If you are given the angle ($\alpha$) of the projection of the vector on the XZ plane, taken from X,
then it means that the projection lies on the line $z=\tan \alpha \, x$, i.e that the vector
lies on the plane
$$
\pi _{\,x\,z} :\quad x\sin \alpha - z\cos \alpha = 0
$$
Similarly for the angle $\beta$ rising from Y on the YZ plane we get
$$
\pi _{\,y\,z} :\quad y\sin \beta - z\cos \beta = 0
$$
Visually this is rendered by the following sketch
That means that the vector is normal to both the normals of the planes, which gives
$$ \bbox[lightyellow] {
\eqalign{
& {\bf r} = \pm \left| {\bf r} \right|\;{{{\bf n}_{\,{\bf \alpha }} \times {\bf n}_{\,{\bf \beta }} } \over {\left| {{\bf n}_{\,{\bf \alpha }} \times {\bf n}_{\,{\bf \beta }} } \right|}} = \cr
& \; = \pm \left| {\bf r} \right|\;\left[ {\left( {\matrix{ {\sin \alpha } \cr 0 \cr { - \cos \alpha } \cr
} } \right) \times \left( {\matrix{ 0 \cr {\sin \beta } \cr { - \cos \beta } \cr
} } \right)} \right]_{\,norm} = \cr
& = {{ \pm \left| {\bf r} \right|} \over {\sqrt {\cos ^{\,2} \beta \sin ^{\,2} \alpha + \sin ^{\,2} \beta } }}\;
\left( {\matrix{ {\cos \alpha \sin \beta } \cr {\cos \beta \sin \alpha } \cr {\sin \alpha \sin \beta } \cr
} } \right) = \cr
& = {{ \pm \left| {\bf r} \right|\;2\sqrt 2 } \over {\sqrt {6 - \cos \left( {2\left( {\alpha + \beta } \right)} \right) - \cos \left( {2\left( {\alpha - \beta }
\right)} \right) - \cos \left( {2\alpha } \right) - \cos \left( {2\beta } \right)} }}\; \cdot \cr
& \cdot \left( {\matrix{ {\cos \alpha \sin \beta } \cr {\cos \beta \sin \alpha } \cr {\sin \alpha \sin \beta } \cr
} } \right) \cr}
} \tag{1}$$
where the sign is to be taken appropriately: it will be plus
if the direction of the vector is chosen according to the "right hand rule".

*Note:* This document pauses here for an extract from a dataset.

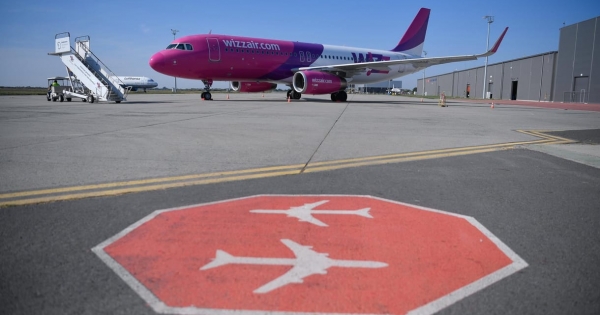 Három debreceni járatot is újraindít a Wizz Air az új évben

Note that the expression for the vector is fully compatible wrt the exchange of $\alpha, \beta$
as it should be.
Also note that
$$ \bbox[lightyellow] {
{{r_{\,z} } \over {r_{\,x} }} = \tan \alpha \quad {{r_{\,z} } \over {r_{\,y} }} = \tan \beta
} $$
as required.
And finally note that the expression above is fully defined
for $0 < |\alpha|,\, |\beta| < pi$, as well as
for $ |\alpha| =0, \, \pi$ if $\beta \ne 0$
$$
{{\bf r} \over {\left| {\bf r} \right|}} = \left\{ {\matrix{
{\left( {1,0,0} \right)^T } & {\left| {\,\alpha = 0,\beta \ne 0} \right.} \cr
{\left( {0,\cos \beta ,\sin \beta } \right)^T } & {\left| {\,\alpha = \pi /2,\forall \beta } \right.} \cr
{\left( { - \sqrt 2 \sin \beta \,\mathop /\limits_{} \sqrt {1 - \cos \left( {2\beta } \right)} ,0,0} \right)^T } & {\left| {\,\alpha = \pi ,\;\beta \ne 0} \right.} \cr
} } \right.
$$
--- Conclusion ---
In reply to your comment, consider that the formula (1) above simply translates into
$$ \bbox[lightyellow] {
\left\{ \matrix{
x = r{{\cos \alpha \sin \beta } \over {\sqrt {\cos ^{\,2} \beta \sin ^{\,2} \alpha + \sin ^{\,2} \beta } }}\; \hfill \cr
y = r{{\cos \beta \sin \alpha } \over {\sqrt {\cos ^{\,2} \beta \sin ^{\,2} \alpha + \sin ^{\,2} \beta } }} \hfill \cr
z = r{{\sin \alpha \sin \beta } \over {\sqrt {\cos ^{\,2} \beta \sin ^{\,2} \alpha + \sin ^{\,2} \beta } }} \hfill \cr}
\right.\quad \Leftrightarrow \quad \left\{ \matrix{
r = \sqrt {x^{\,2} + y^{\,2} + z^{\,2} } \; \hfill \cr
{z \over x} = \tan \alpha \hfill \cr
{z \over y} = \tan \beta \hfill \cr} \right.
}\tag{1.a}$$